Crédit photo Diane-Isabelle Lautrédou, Shahinez Benabed

Les réponses des opérateurs S’il semble difficile de sanctionner les incivilités au cas par cas, c’est bien souvent à travers la fraude que les opérateurs sévissent. Néanmoins, le nombre croissant d’événements rencontrés sur les réseaux a amené les opérateurs à se réorganiser en interne, à remettre à plat leurs relations avec les forces de l’ordre et autres acteurs de la prévention, mais aussi à investir massivement dans des campagnes de sensibilisation.

À défaut de punir chaque fauteur d’incivilité, c’est plus généralement par le biais de la lutte contre la fraude que les opérateurs tentent de rappeler leurs voyageurs à l’ordre. Une fraude dont le montant peut parfois s’élever à plusieurs centaines de milliers d’euros par an.

À la fin du mois d’août, Frédéric Cuvillier, ministre des Transports, annonçait d’ailleurs un manque à gagner de 300 millions d’euros par an pour la SNCF, 100 millions d’euros pour la RATP, et constatait une relative stabilité de ces chiffres d’une année sur l’autre. Des propos qui avaient fait bondir Pierre Mongin, président de la RATP, lors de sa conférence de presse de rentrée au cours de laquelle il avait réclamé une hausse « sensible » du montant des amendes pour les récidivistes, considérant que « la fraude constitue un premier pas vers l’incivilité. » Alors, pour la traquer, à chacun sa méthode.

Des agents spécialement formés

Même s’il n’évalue pas le coût annuel de la fraude au niveau national, mais réseau par réseau, et enregistre des taux de fraude oscillant dans les grandes villes entre 2,5 % à 15 %, Keolis a choisi de placer ses agents de contrôle au cœur de sa stratégie. Objectif: désamorcer l’événement. « Lorsque nous prenons des fraudeurs en flagrant délit, nous leur proposons un abonnement de deux mois dont le prix équivaut à celui d’une amende. Cela permet de dédramatiser la situation dans la mesure où le fraudeur ne sera pas “puni” et repartira avec un service en poche », souligne Jean-Yves Topin, directeur de la sécurité de Keolis.

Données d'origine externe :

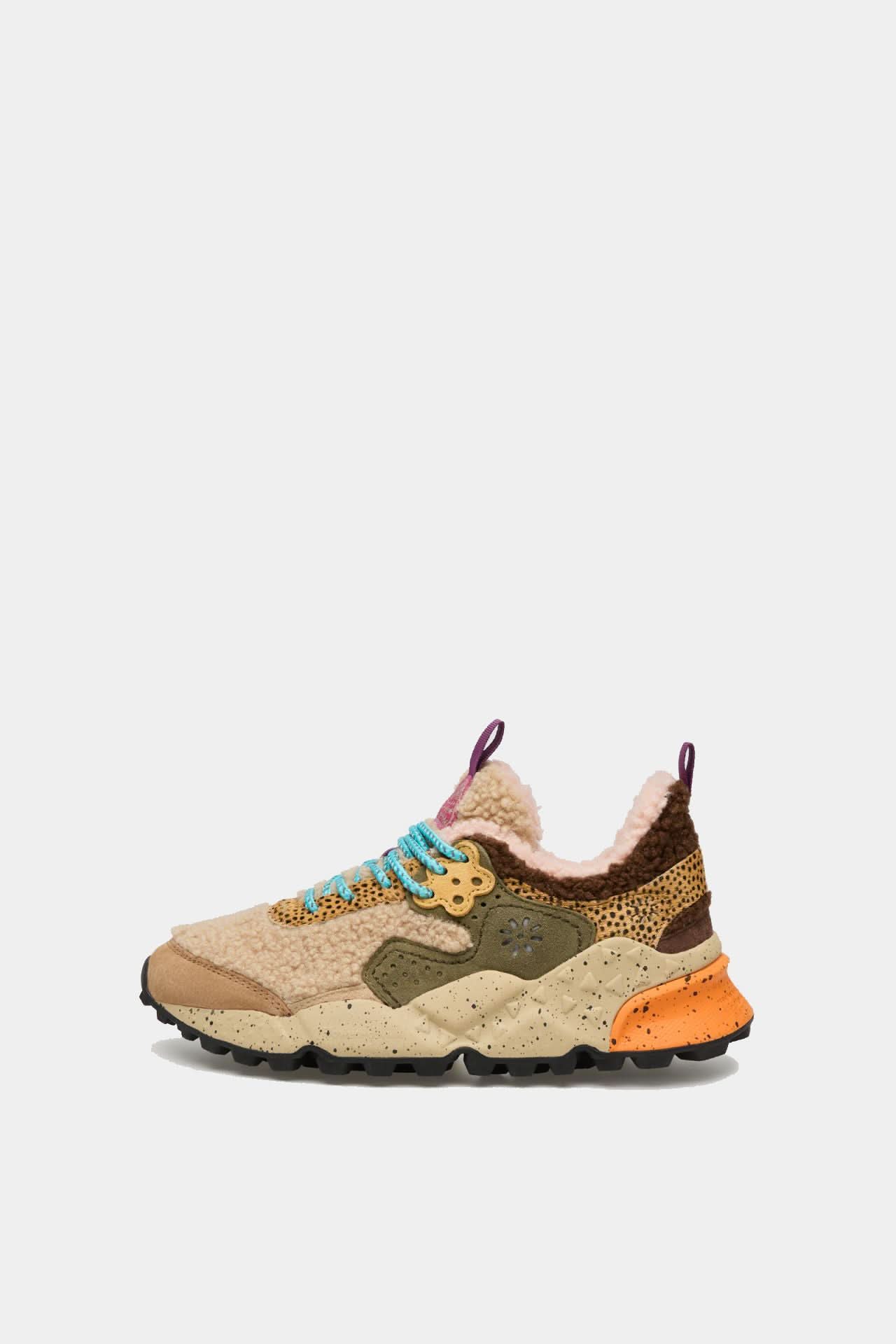 KOTETSU WOMAN Suede/Teddy Sneakers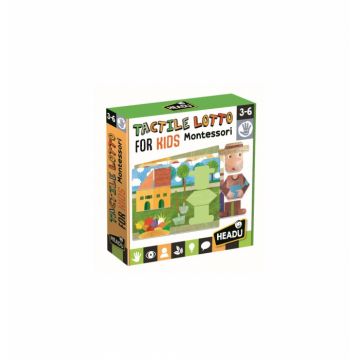 Montessori Puzzle tactil ferma Headu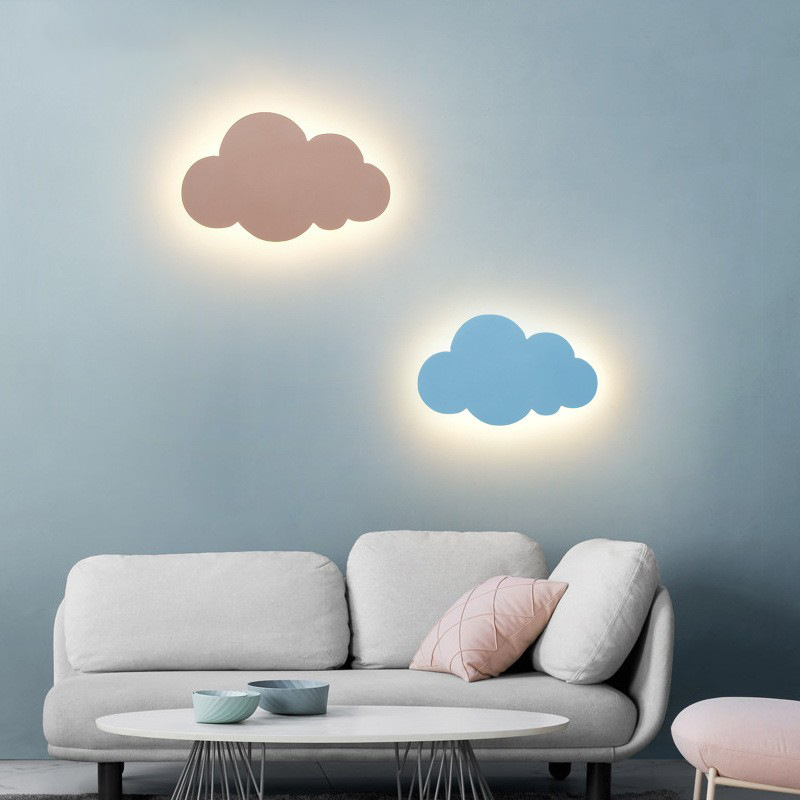 Cloud Shape LED Wall Light Decor Mounted Lamps Bedroom Living Room Lights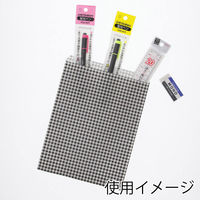 シモジマ 柄小袋 R-50 ギンガムミニ 黒 006520806 1セット（200枚入×10束）（直送品）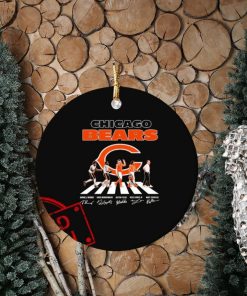 Chicago Bears Abbey Road Mooney Montgomery Fields Jones Jr And Eberflus Signatures Ornament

Pour optimiser cette chasse au resquilleur sur le terrain, les méthodes de contrôle de l’entreprise varient: « tantôt nos agents arborent une tenue, tantôt ils opèrent en civil, tantôt nos usagers sont prévenus à l’avance, tantôt nous les surprenons. » Du personnel de terrain dont les attributions ont évolué ces dernières années: « Nous avons modifié l’intitulé de leur poste en agent commercial de contrôle et avons articulé leur formation autour de cette notion. Lors des stages, ils apprennent ainsi à lâcher prise, révisent le cadre légal, sont mis en situation, etc., pendant dix jours », explique le directeur. Seul travers à éviter pour que ce dispositif produise ses effets, la perte de repère: « Nous ne devons pas nous tromper de rôle et éviter à tout prix le mélange des genres. Notre mission est claire et consiste à apporter une réponse commerciale à nos clients », précise Jean-Yves Topin.

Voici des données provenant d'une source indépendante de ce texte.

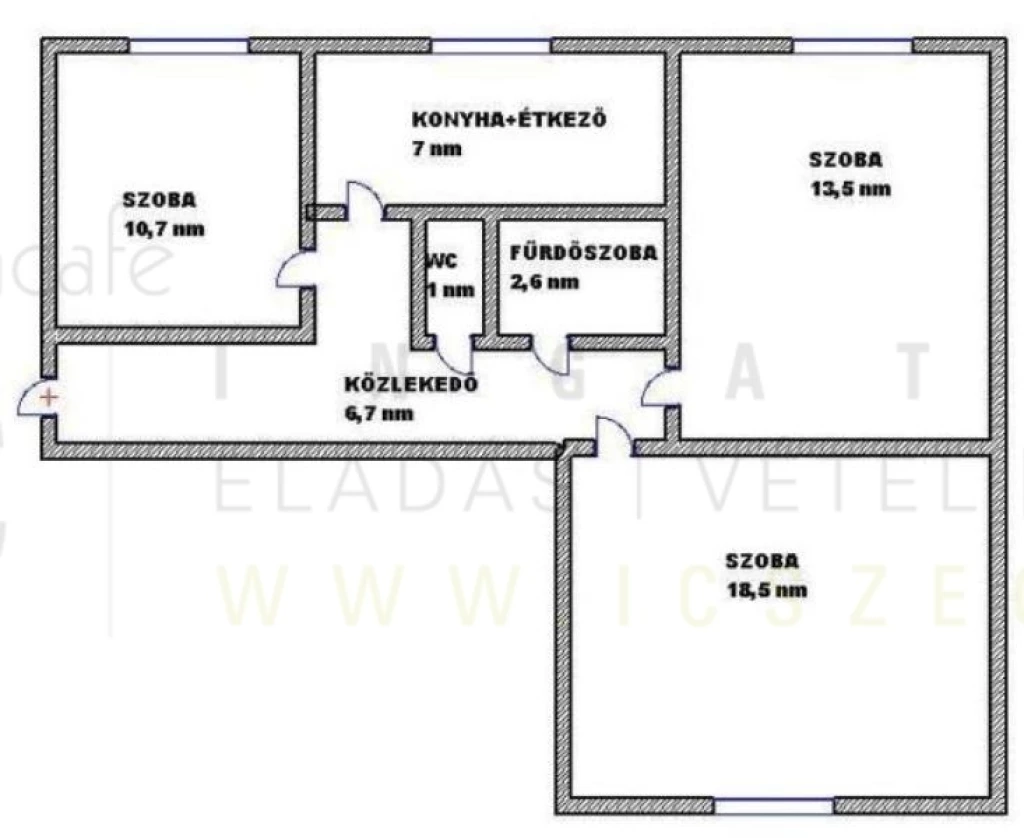 For sale panel flat, Szeged, Felsőváros, Tápai utca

De son côté, la régie des transports de Marseille (RTM) a choisi de jouer la carte de la tolérance zéro. « Notre volonté est de maintenir la pression au quotidien pour éviter toute remontée du nombre d’événements. Pas d’incident sans réaction! Chacun d’entre eux fait systématiquement l’objet d’une procédure. Nous enregistrons environ 1 500 incidents par an engendrant un nombre équivalent de plaintes », déclare Pierre Reboud, directeur général de la RTM. Un réflexe rendu possible grâce à une organisation interne adaptée. « Nous prenons en charge les frais de représentation en justice de nos agents ayant déposé plainte. » Si le personnel de contrôle est le pivot du dispositif de Keolis, à la RTM, ce sont les conducteurs qui sont en première ligne. Une position qui les oblige à tenir à jour leurs connaissances relatives aux « situations de tension que nous réactualisons régulièrement », indique Pierre Reboud.

Même topo à Paris, puisque la RATP prend également grand soin de la formation de ces collaborateurs de terrain. « L’an dernier, 8 200 agents ont été formés à apprendre à garder leur calme et à gérer leurs propres émotions, ainsi que leur stress », indique Isabelle Ockrent, directrice de la communication et de la marque Groupe RATP.

Un arsenal dissuasif

À Paris comme à Marseille, incivilités ou fraudes sont tracées en direct. « Notre système de vidéoprotection compte 3 800 caméras et devrait dépasser le seuil de 4 000 caméras d’ici l’an prochain. Grâce à elles, nous couvrons en temps réel tout le réseau métro et nos sites. En parallèle, nous avons un outil d’investigation, en temps différé, dans nos bus et rames de tramway. Notre prochain challenge consiste à équiper les rames de métro et à pouvoir visionner en temps réel la vidéo dans les bus », prévoit Pierre Reboud.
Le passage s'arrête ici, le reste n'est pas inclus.